Eric Anthony Roberts (born April 18, 1956) is an American actor. His career began with a leading role in King of the Gypsies (1978) for which he received his first Golden Globe Award nomination. He was nominated again at the Golden Globes for his role in Bob Fosse's Star 80 (1983). Roberts' performance in Runaway Train (1985), as prison escapee Buck McGeehy, earned him a third Golden Globe nod and a nomination for the Academy Award for Best Supporting Actor. He is the older brother of actress Julia Roberts.

In a career spanning over 40 years Roberts has amassed more than 700 credits, including Raggedy Man (1981), The Pope of Greenwich Village (1984), Runaway Train, The Specialist (1994), Cecil B. Demented (2000), National Security (2003), A Guide to Recognizing Your Saints (2006), The Dark Knight (2008), The Expendables (2010), Inherent Vice (2014), The Institute (2017), and Head Full of Honey (2018). His equally varied television work includes three seasons with the sitcom Less than Perfect, as well as recurring roles on the NBC drama Heroes and the CBS soap opera The Young and the Restless, as well as Saved by the Light, the legal drama Suits, Fox's The Finder, and the only non-UK actor to play the Master in the 1996 Doctor Who television film.

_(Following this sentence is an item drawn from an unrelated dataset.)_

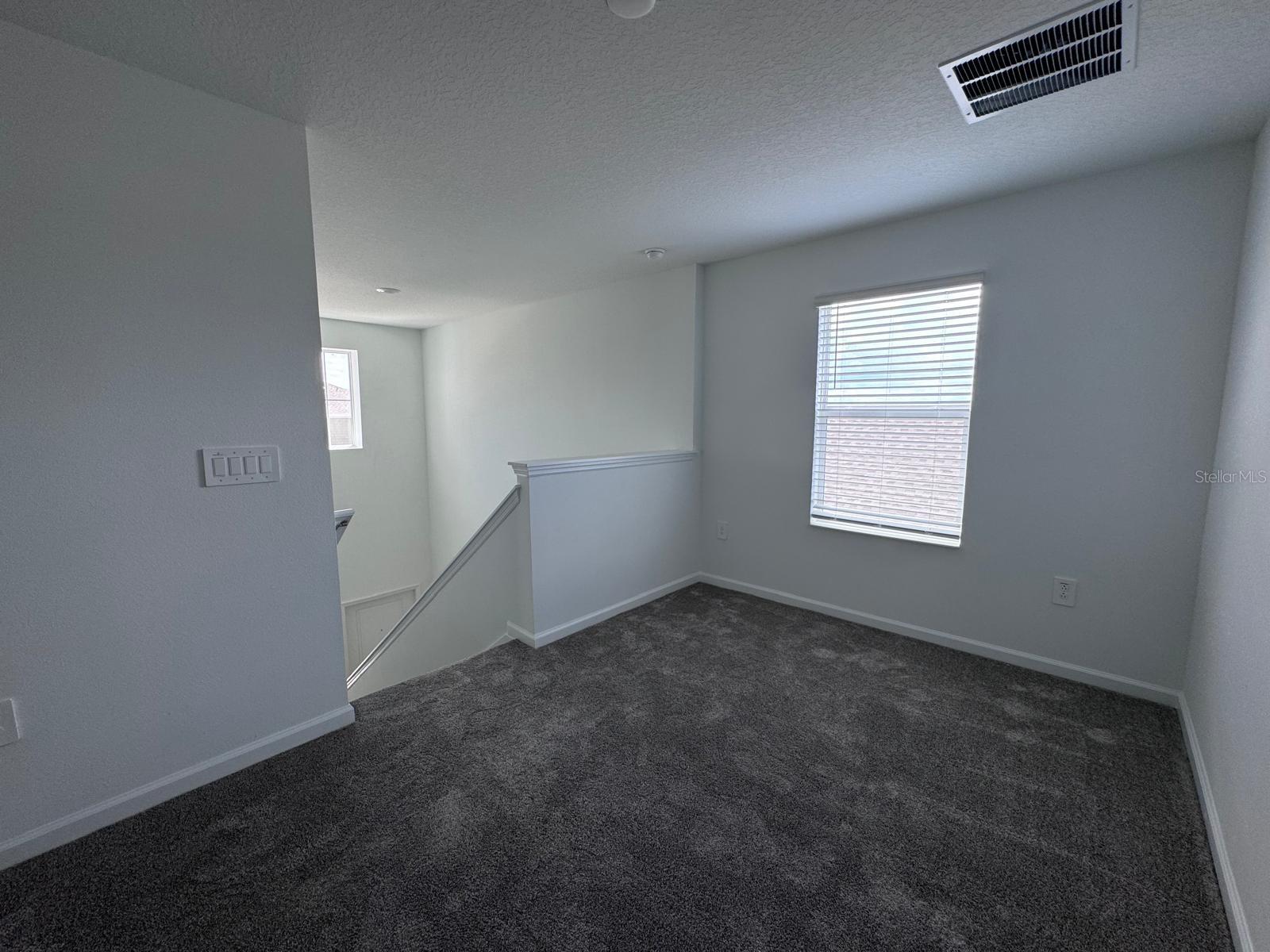 Image 13 of 42 For 1033 Waterfall Boulevard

Since the 1970s, he is one of few actors to have more than 700 credits (blockbusters, independent films, animated films, TV series, animated series, short films and student films).

Early life
Eric Anthony Roberts was born in Biloxi, Mississippi, on April 18, 1956, to Betty Lou Bredemus and Walter Grady Roberts, one-time actors and playwrights, who met while touring with a production of George Washington Slept Here for the armed forces. In 1963, they co-founded the Atlanta Actors and Writers Workshop in Atlanta off Juniper Street in Midtown. They ran a children's acting school in Decatur, Georgia. Roberts' mother became a church secretary and real estate agent, and his father was a vacuum cleaner salesman. Roberts's younger siblings, Julia Roberts (from whom he was estranged until 2004) and Lisa Roberts Gillan, are also actors.

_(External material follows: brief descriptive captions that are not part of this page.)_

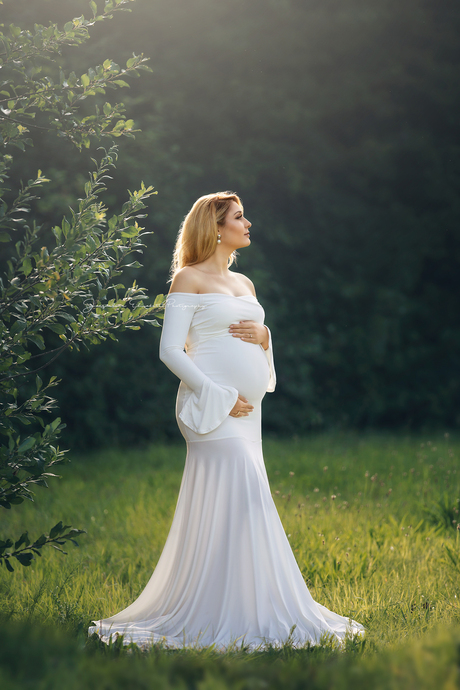 Pregnancy is like the beginning of all things: wonder, hope, a dream of possibilities ...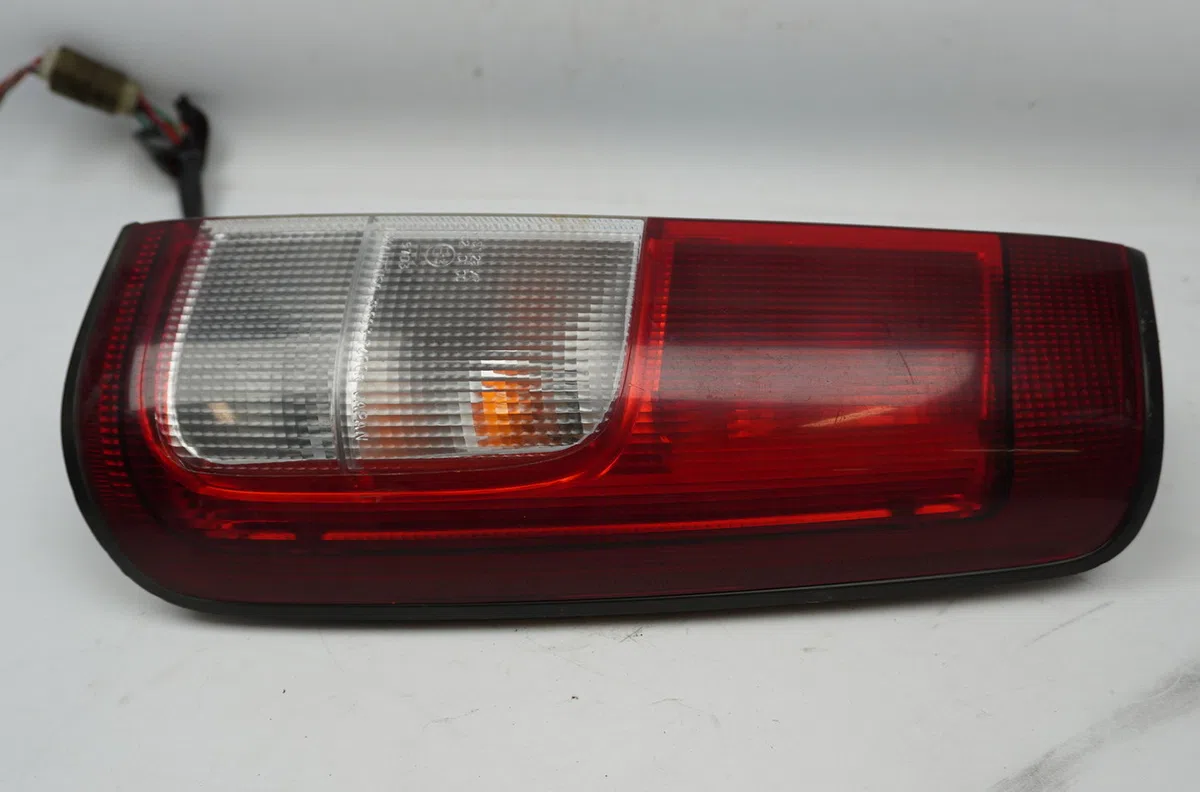 Feu arrière droit Suzuki IGNIS I (FH) 1.3 4wd (rg413) (2000-2003) occasion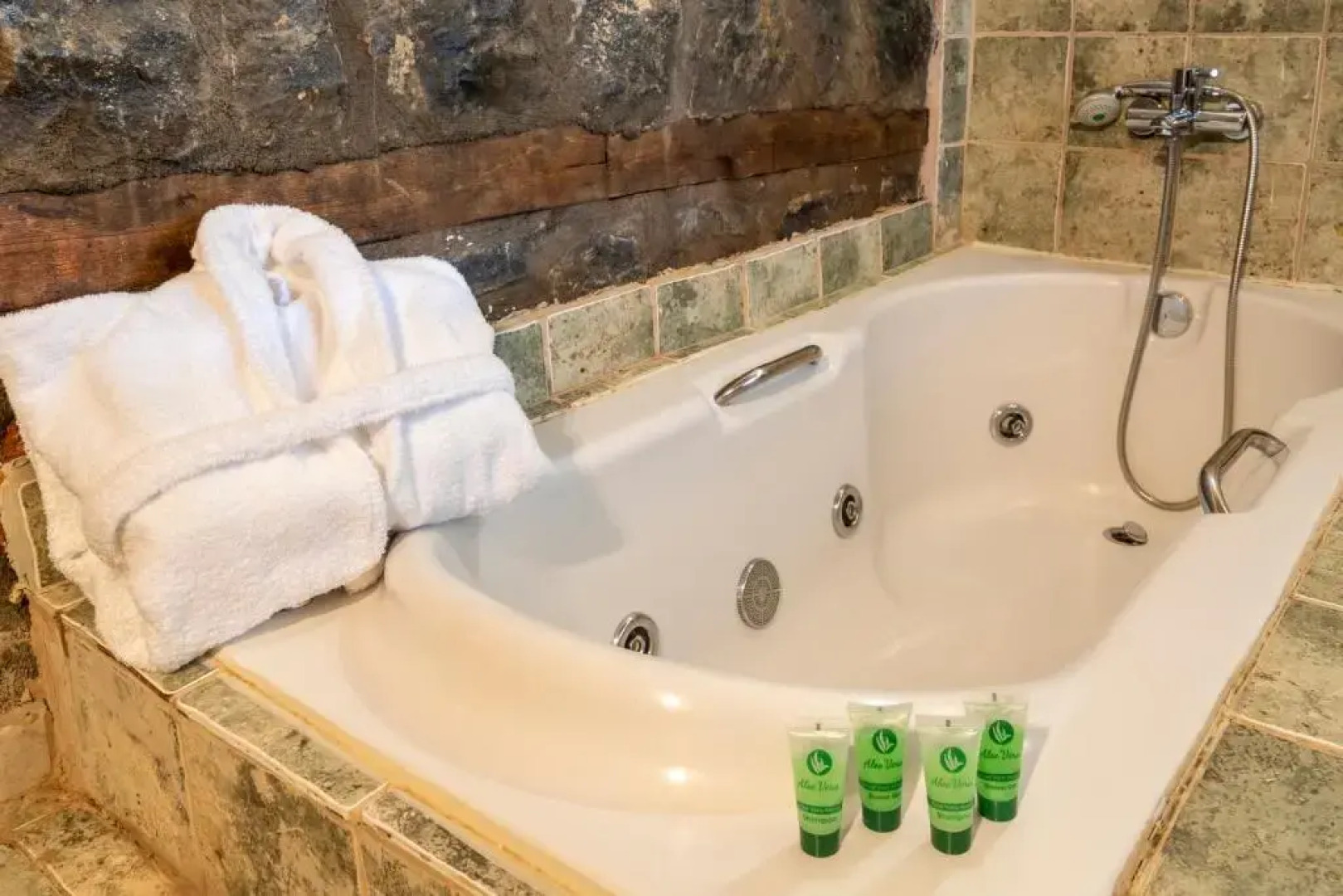 Rouga Mountain Boutique Suites & Spa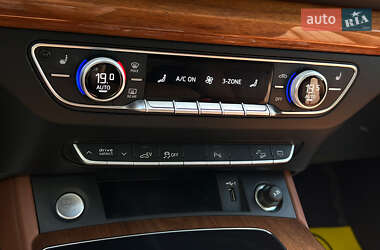 Внедорожник / Кроссовер Audi Q5 2021 в 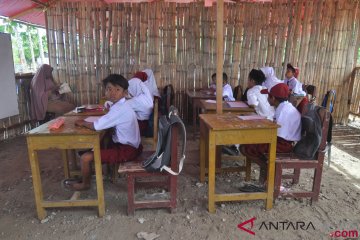 Ujian di Kelas Darurat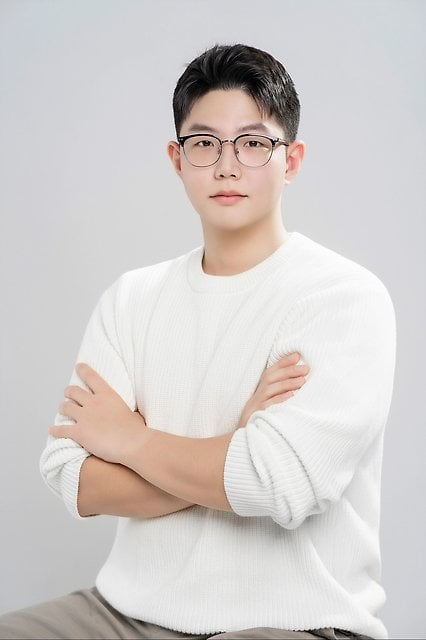 'AI 잘 쓰는 법' 그만 배우세요, 회사 6개를 AI로 굴리는 대표가 당신 일에 직접 붙여드립니다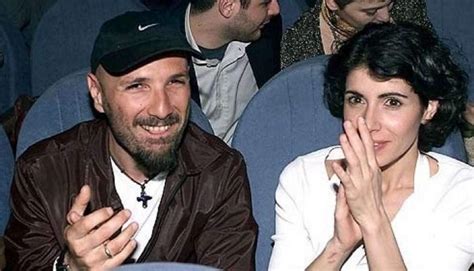 Con questa formula il tribunale di roma ha assolto oggi renato zingaretti, l'uomo di 74 anni che il 19 marzo 2002 fu protagonista dell'incidente stradale che costo' la vita al cantante alex baroni. video: giorgia ricorda alex baroni cantando il brano ...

Roberts' parents filed for divorce in 1971 and it was finalized early in 1972. He stayed with his father, who died of cancer in March 1977, in Atlanta. His sisters moved with their mother to Smyrna, a suburb of Atlanta, after the divorce. In 1972, she married Michael Motes, and had a daughter with him in 1976, Nancy Motes, who died February 9, 2014, at age 37, of an apparent drug overdose. Motes was abusive and often unemployed. In 1983, she divorced Motes, citing "cruelty"; she later said that marrying him was the biggest mistake of her life.

Roberts is of English, Scottish, Irish, Welsh, German, and Swedish descent.

Career

Roberts got his start on the now-defunct NBC daytime soap opera Another World originating the role of Ted Bancroft from February 14 to June 17, 1977.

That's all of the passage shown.